> **TASK DESCRIPTION**: Copy verbatim the span of lines beginning at the line that contains "2306 E Mesa Ct, Visalia, CA 93292" and ending with the final line of the data. Exclude pictures from the copy.

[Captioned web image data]
━━━━━━━━━━━━━━━━━━━━━━━━━━━━━━
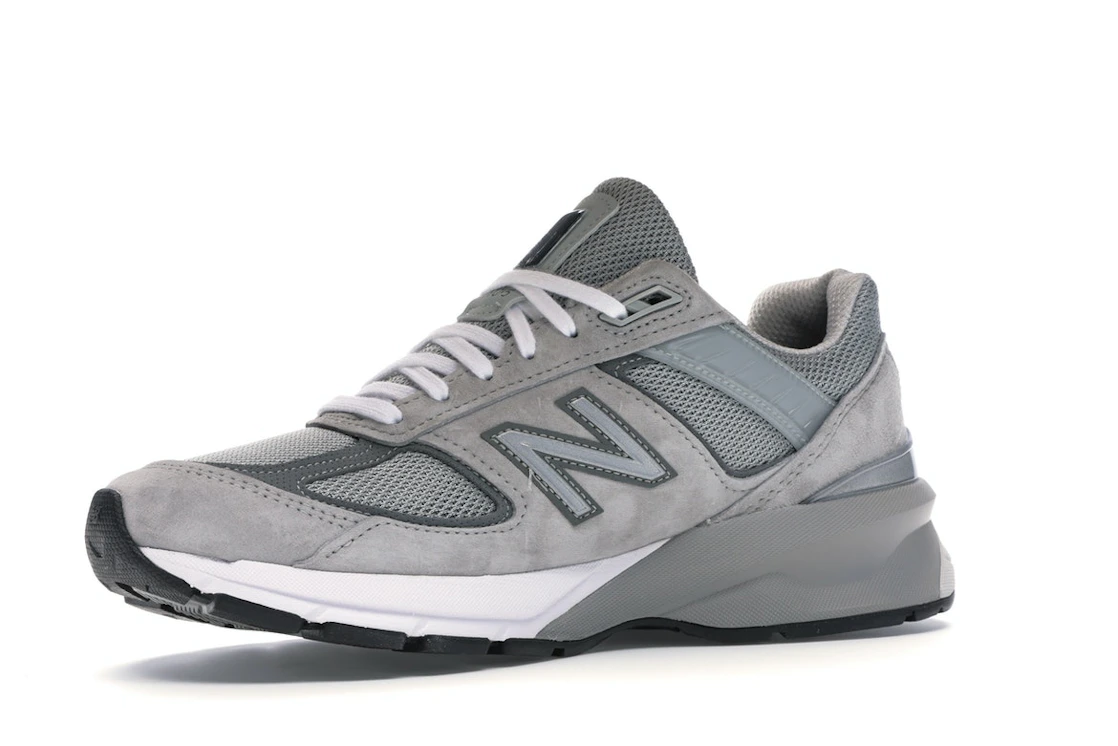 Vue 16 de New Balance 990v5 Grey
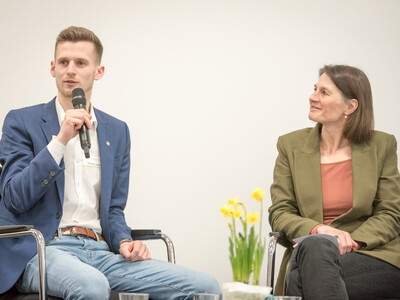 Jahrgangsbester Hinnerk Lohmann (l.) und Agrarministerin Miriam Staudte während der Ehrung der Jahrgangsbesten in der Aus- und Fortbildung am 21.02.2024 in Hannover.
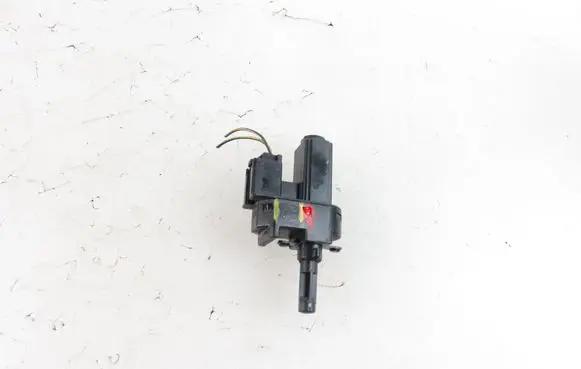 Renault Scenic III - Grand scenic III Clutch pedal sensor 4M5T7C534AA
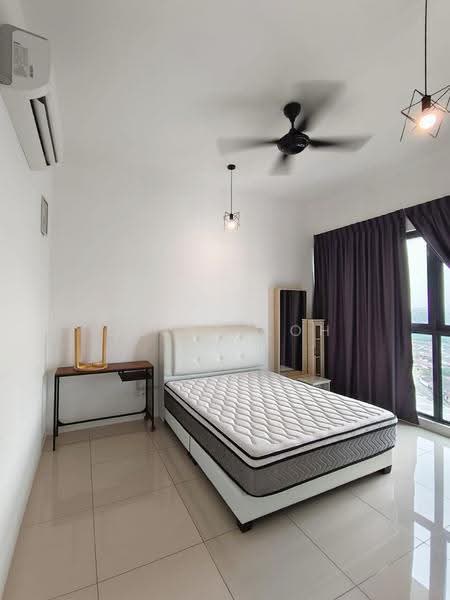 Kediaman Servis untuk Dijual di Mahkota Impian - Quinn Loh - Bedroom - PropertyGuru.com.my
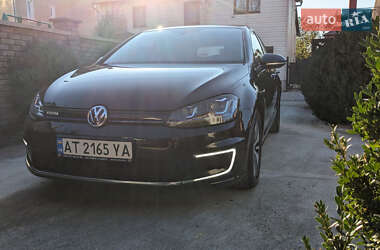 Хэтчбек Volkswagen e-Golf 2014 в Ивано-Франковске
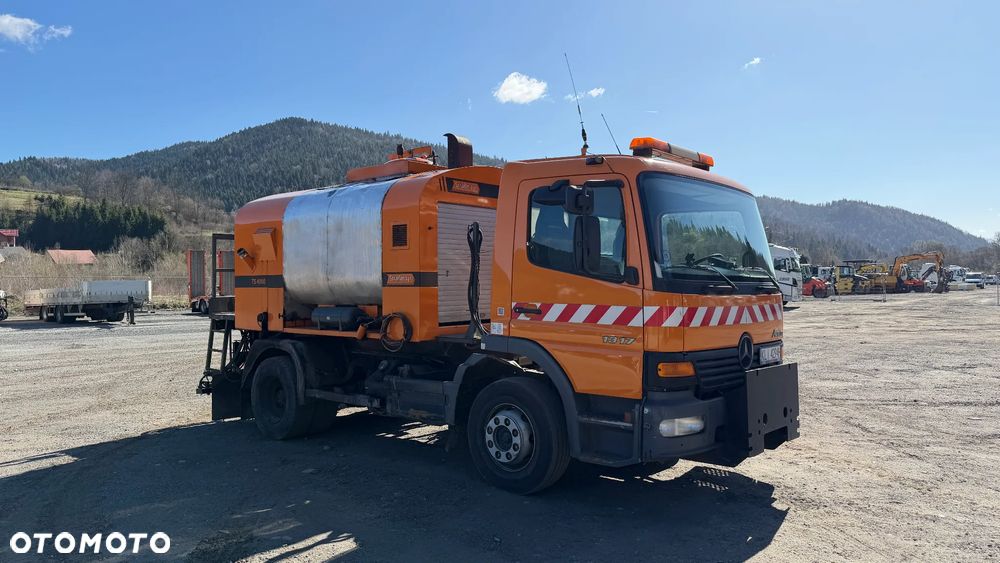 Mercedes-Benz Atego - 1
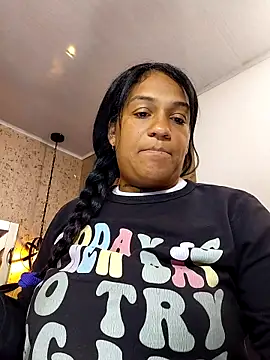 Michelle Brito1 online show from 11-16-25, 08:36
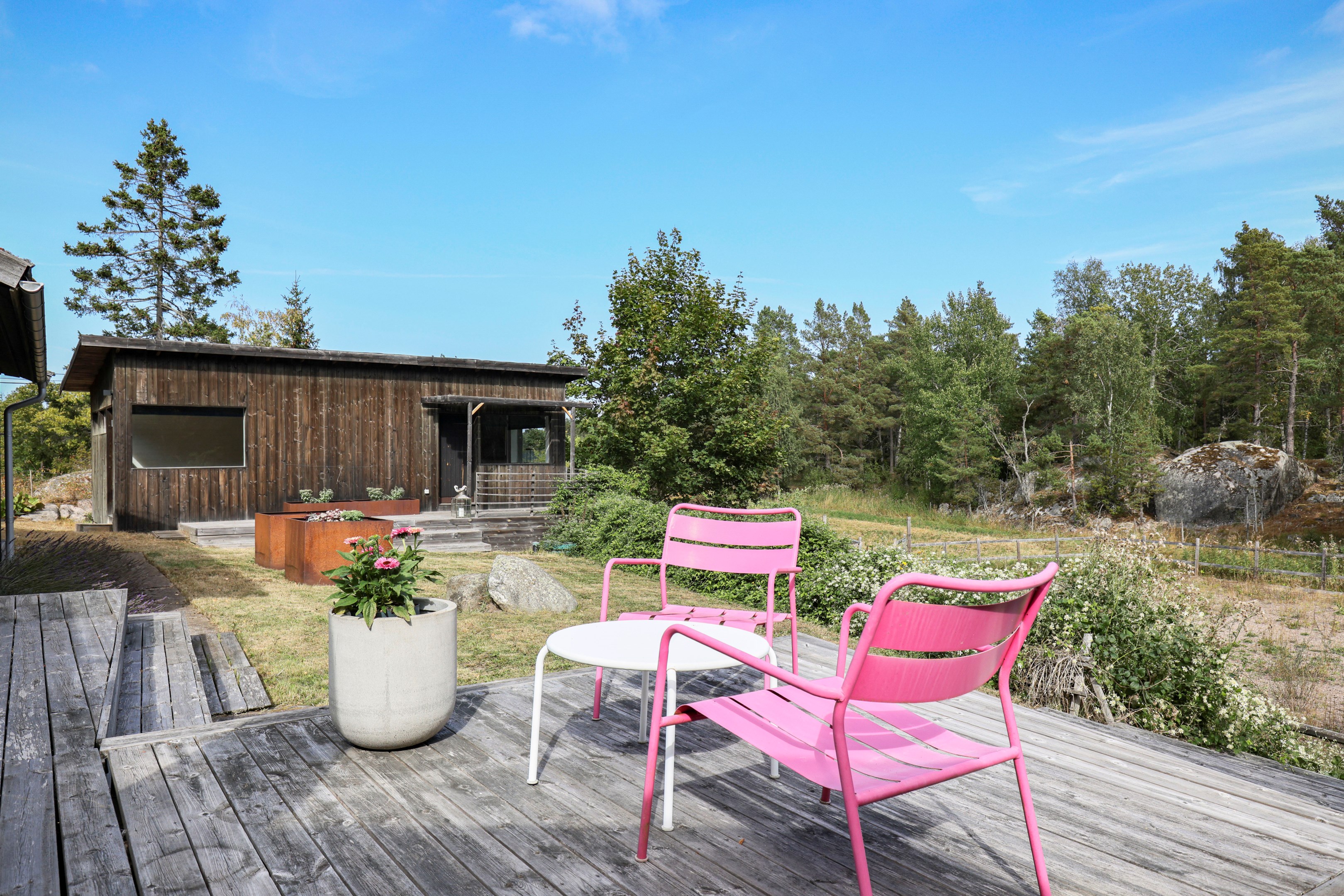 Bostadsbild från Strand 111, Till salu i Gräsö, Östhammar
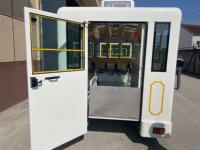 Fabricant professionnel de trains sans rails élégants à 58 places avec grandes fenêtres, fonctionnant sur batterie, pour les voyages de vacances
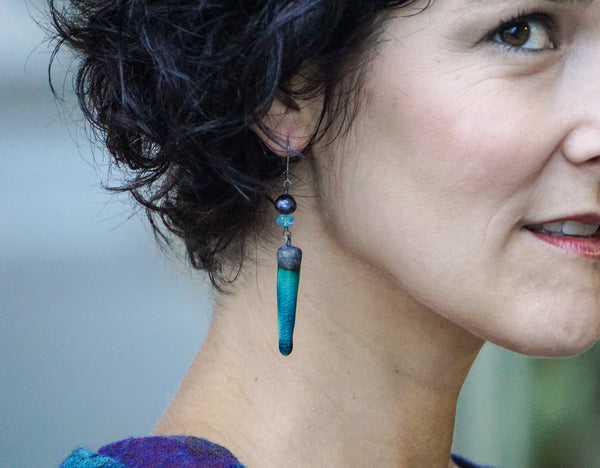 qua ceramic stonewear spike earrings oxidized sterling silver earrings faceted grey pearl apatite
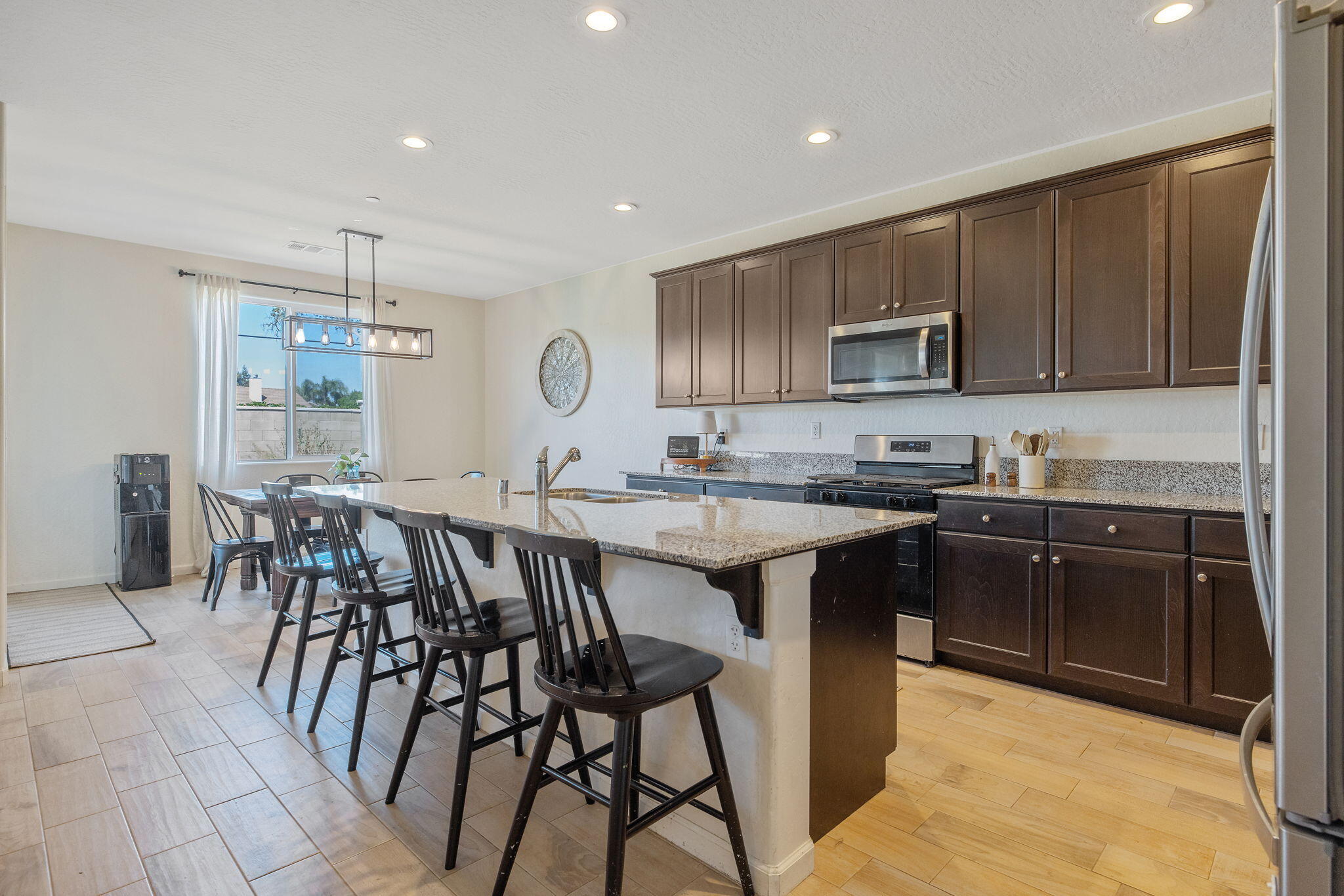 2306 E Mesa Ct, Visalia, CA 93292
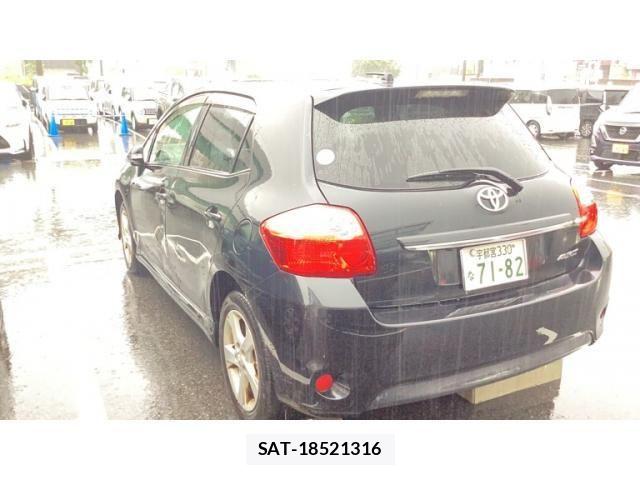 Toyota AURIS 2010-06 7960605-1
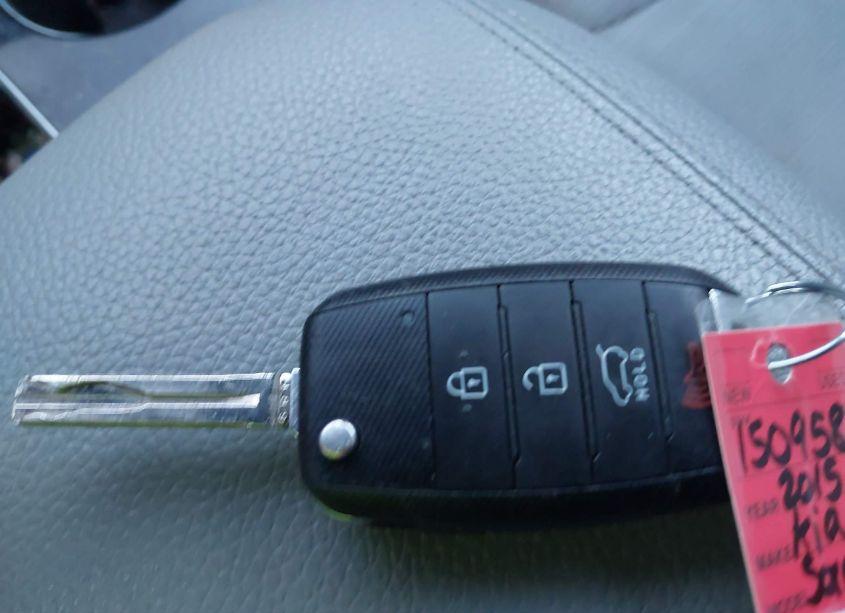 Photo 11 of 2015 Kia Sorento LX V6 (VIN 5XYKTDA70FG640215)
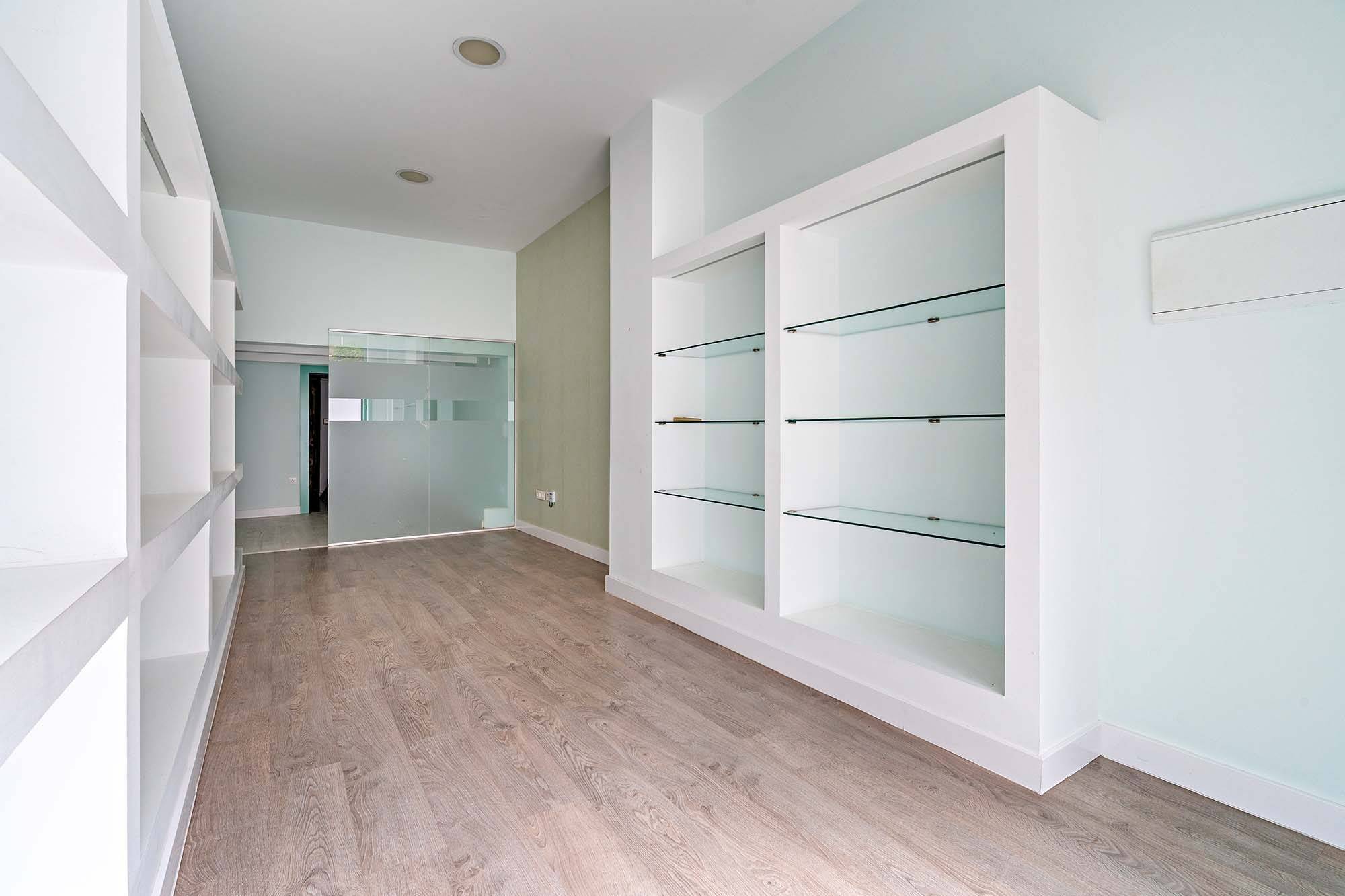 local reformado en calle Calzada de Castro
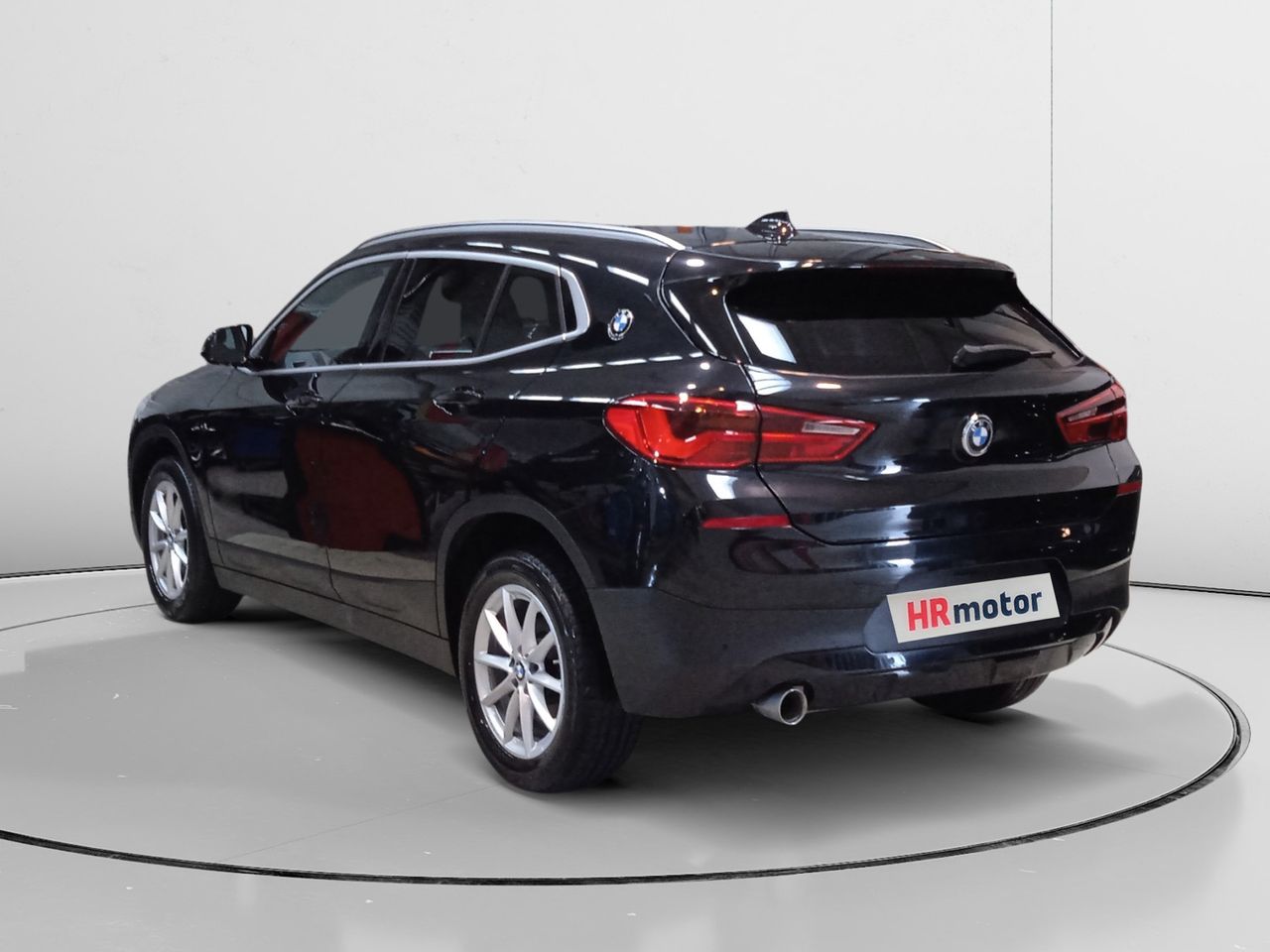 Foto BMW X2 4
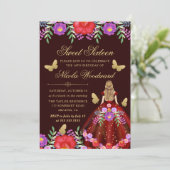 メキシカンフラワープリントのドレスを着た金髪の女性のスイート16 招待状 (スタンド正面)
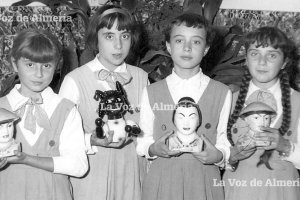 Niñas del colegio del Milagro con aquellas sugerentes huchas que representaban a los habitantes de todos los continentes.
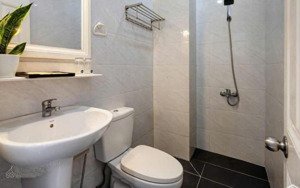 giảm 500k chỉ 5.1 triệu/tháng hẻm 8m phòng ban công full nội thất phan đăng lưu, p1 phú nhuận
━━━━━━━━━━━━━━━━━━━━━━━━━━━━━━
> **RESPONSE TO THE TASK**:
 2306 E Mesa Ct, Visalia, CA 93292
 Toyota AURIS 2010-06 7960605-1
 Photo 11 of 2015 Kia Sorento LX V6 (VIN 5XYKTDA70FG640215)
 local reformado en calle Calzada de Castro
 Foto BMW X2 4
 メキシカンフラワープリントのドレスを着た金髪の女性のスイート16 招待状 (スタンド正面)
 Niñas del colegio del Milagro con aquellas sugerentes huchas que representaban a los habitantes de todos los continentes.
 giảm 500k chỉ 5.1 triệu/tháng hẻm 8m phòng ban công full nội thất phan đăng lưu, p1 phú nhuận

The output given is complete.